Evidently, since President Obama calls Chicago home and possibly he felt the need to toss a few federal dollars back here, we will become part of Guantanamo North and receive about 200 of those worthies pulled in from Iraq, Afghanistan, and other delightful garden spots. The federal government will buy the prison from the state and run it as part of the federal system.
On one level, it does make some sense-we DO have an empty, fairly stoutly built facility sitting empty. Might as well use the place. And they have to be stored somewhere. We appear to be stuck with them, since not too many countries have expressed the desire to take them, or in some cases, take them back.
I have serious misgivings about giving these people constitutional rights and trial in the civilian court system. The civil courts have a lot of legal niceties and procedures not found in either the Military Code Of Justice or in frontier justice (a convenient battlefield 'disappearing'). If we have a terror suspect who confessed to certain acts under duress or enhanced interrogation, then his confession is inadmissable in court. I think there is a distinct possibility that some of these people could walk if tried in civilian courts.
I see what our government is trying to get at, I think. They want to treat the detainees as criminals and try them as such, instead of giving them military tribunals and giving them 'status' as 'warriors'. Will it work? I dunno. I'd probably lean toward the Mafia mathod if it were me having to make a decision on their status.
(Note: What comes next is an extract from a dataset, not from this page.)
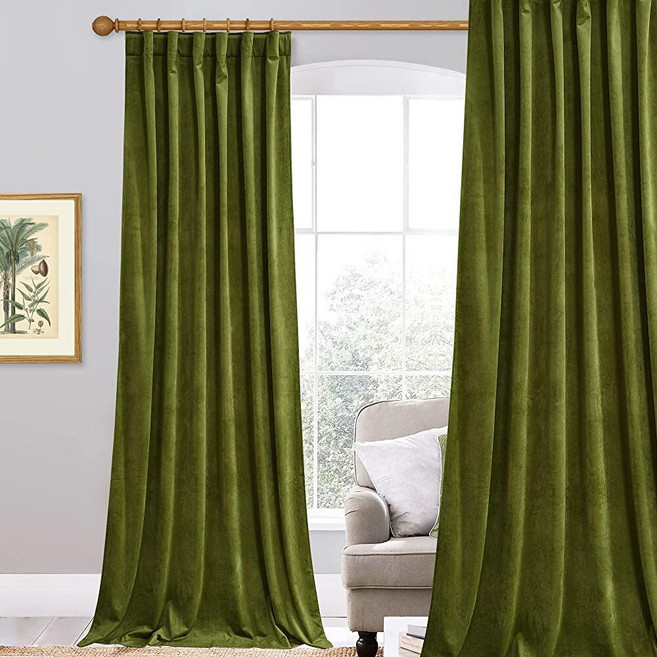 StangH 블랙 암막 커튼 - 침실/영화실용 고급스럽고 두껍고 두꺼운 벨벳 창문 드레이프 거실용 단열 프라이버시 드레이프 너비 132.1 x 길이 213.4cm(52 x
We do get the 'carrot' of jobs, though. And there will be a few jobs created in the logistic chain supporting the prison. I'm not sure it's going to help all that much-Carroll County is a rural county and most of the people living in it won't qualify for a lot of positions at the prison.
Some of the local talk-radio personalities have railed about the danger of having the detainees in the area. Amazing that people who talk about carrying guns and not taking guff from the 'guvmint' are afraid of having Middle Eastern low-grade terror suspects around. So let me figure this out-the same gun and bunker that will protect you from the 'Guvmint thugs', backed by the preminent military on the planet, won't protect you from a brace of addled terrorist wannabes that might want to liberate their brothers? C'mon, man!
Are they dangerous? Possibly. So are a lot of the Chicago gangbangers in the prison system. Is there an increased risk of terror attacks here? Again, possibly. That's a hazard we've all faced. Americans faced down worse than this bunch and survived.
When Thomson Prison was being considered, I thought that a better location might be 17 miles farther north at the Savanna Army Depot, which was being closed at the same time. The location had existing infrastructure, lots of room for expansion, and was a bit more isolated. Given recent events, I would appear to have been correct.
The SAD had barracks, family housing, and facilities to house a military police company, which would have been a plus had we wanted to close Gitmo and operate an SAD-located prison as a military facility. Now the government will have to spend $125 million to upgrade a state prison. What's a few mill among friends, though?
We'll see how everything plays out, I guess. All I know is that I may have to start my catering service just outside the prison perimeter, specializing in bacon, bratwurst, and barbecued pork. Welcome to America, guys. Get a load of those pig vapors!
yankeedog out.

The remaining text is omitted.